We can all agree that step-parenting is hard. And complicated. Often times the hardest parts are what is presented by the stepchildren and their behaviors. Sometimes we have a really hard time getting to know the children, let alone liking them and loving them can be a big stretch, too. Everybody is adjusting to so many changes. There are really tough dynamics to navigate plus a lot of complications with another team of players on the field. But I want to shed a little light on one of the dynamics that come into play for the children of divorced parents. It is loss and grief. This may be a big clue as to why it’s so hard to connect with the stepchildren or even establish a positive relationship with them. It also gives you a clue into their behavior – why on earth are they doing or saying what it is they are.
Divorce is a profound loss, and with significant loss comes grief. Grief has its own cycle and its own timelines. For most couples, divorce is devastating, yet for children, this may be even more devastating, and life-altering in ways we may not fully understand. It’s literally turning their world upside down. It’s the loss of the parental unit, of family, of all hopes and dreams, and the security of a safe launching pad for pretty much everything that’s important for a child’s healthy development.
I remember reading a book on the impact of divorce on children almost 25 years ago for personal reference. The information in it stated how the experience of divorce and the death of a parent were very similar for children. The biggest difference is that with divorce you can see or spend time with the parent for things like visits, birthdays or holidays. But, that contact can be a constant reminder of the loss on a regular basis. Like ripping a scab off a deep wound and having it open again, it can take so much longer to heal.
From the adult’s perspective, we eventually learn to move on, we meet someone special and we remarry. We are happy! BUT not so much for the children. And when parents are unavailable to help the children sort out their stuff or process their feelings because they themselves are grieving, scared and in pain, that adds to the child’s insecurity and fear.
Children go through the same stages of grief as we do. For ease of discussion, let’s look at four main stages of grief and loss: shock, protest, despair and adjustment, and how these can impact on a child’s behavior.
Shock may look like compliance. We can call this the honeymoon stage. You know, the best behavior kind of stuff. Or maybe you’ll see aloofness because they aren’t sure about you yet, and you haven’t earned the authority figure role at this stage. This usually happens fairly early in the process. So as the news is breaking, Protest may look like anger and defiance-like in your face and screw-you-you’re-not-my-real-mom attitude.

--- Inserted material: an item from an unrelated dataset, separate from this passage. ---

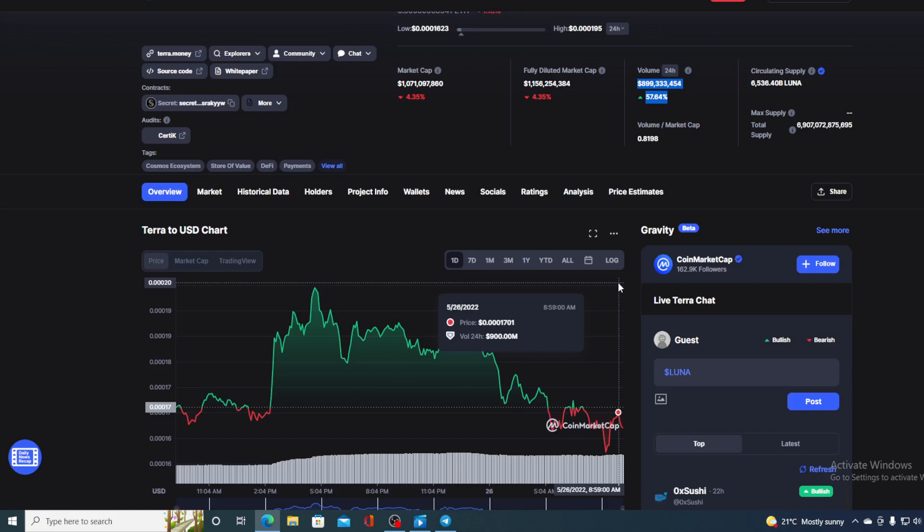So guys, if you were thinking about it, stop thinking and get on doing, get yourself some Luna tokens, climb on board and enjoy the ride. It will definitely be an interesting one, but I'm sure that at this point you will not be losing your money anymore. If you like this video, leave me a comment and thank you for viewing.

This phase, in particular, can get really drawn out. Especially if they have parents at either residence adding fuel to the fire. Denial is common here as well. Also, maybe they don’t want to come for their time with dad.

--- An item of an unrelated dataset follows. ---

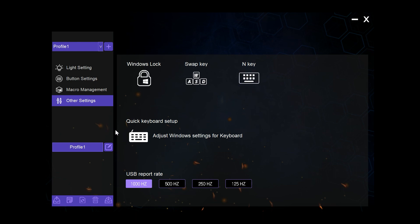Here we have the keyboard settings for Windows itself, and finally we have the polling rate of the keyboard which ideally should be left at 1000 Hz.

Despair is like depression, and it looks like they’ve given up. Perhaps they understand, or at the very least have resigned themselves to the fact that the fantasy of their parents getting back together is no longer a reality. That is a painful reality to hold onto, and lots of tears come here.

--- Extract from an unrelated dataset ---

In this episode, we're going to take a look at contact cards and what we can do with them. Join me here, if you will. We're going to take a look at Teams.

Adjustment is when things are finally going well, and they have accepted what’s happened to them. The divorce isn’t hanging over them like a ghost haunting them, and they are able to move on with their lives as well. Things are more positive and a new normal is achieved. Your relationships with your stepchildren are more viable because they are now seeking new relationships. Here is the opportunity to start slowly making connections with them.
Timelines for grief and loss are very personal. We all have anticipated deadlines for grief, but when it comes to our children, those timelines need to be adjusted. And when the child is going back and forth between parents’ homes, that process can be drawn out over a longer period than what would be considered normal or typical. They may drift back and forth between protest and despair, and may get stuck in the protest phase. If they have a mom who’s helping them make their protest signs and is fuelling the flames, that stage might get a little bit comfortable for them.
Unfortunately, you may be the easy target for that pent up fear and anger, as it’s way easier to blame you when they aren’t loyal to you. It’s a loss and grief cycle that is being misdirected at you. Understanding this perspective can also ease the burden of you feeling like the bad guy and feeling like you can’t win. So for you, disengaging from the negative behaviors playing on center stage will be helpful. Knowing that you are not the one they are truly angry at will help you compartmentalize. Creating some boundaries of what is acceptable behavior and what is not, framed through the lens of grief and loss, will also be helpful. Then always self-care ladies, self-care!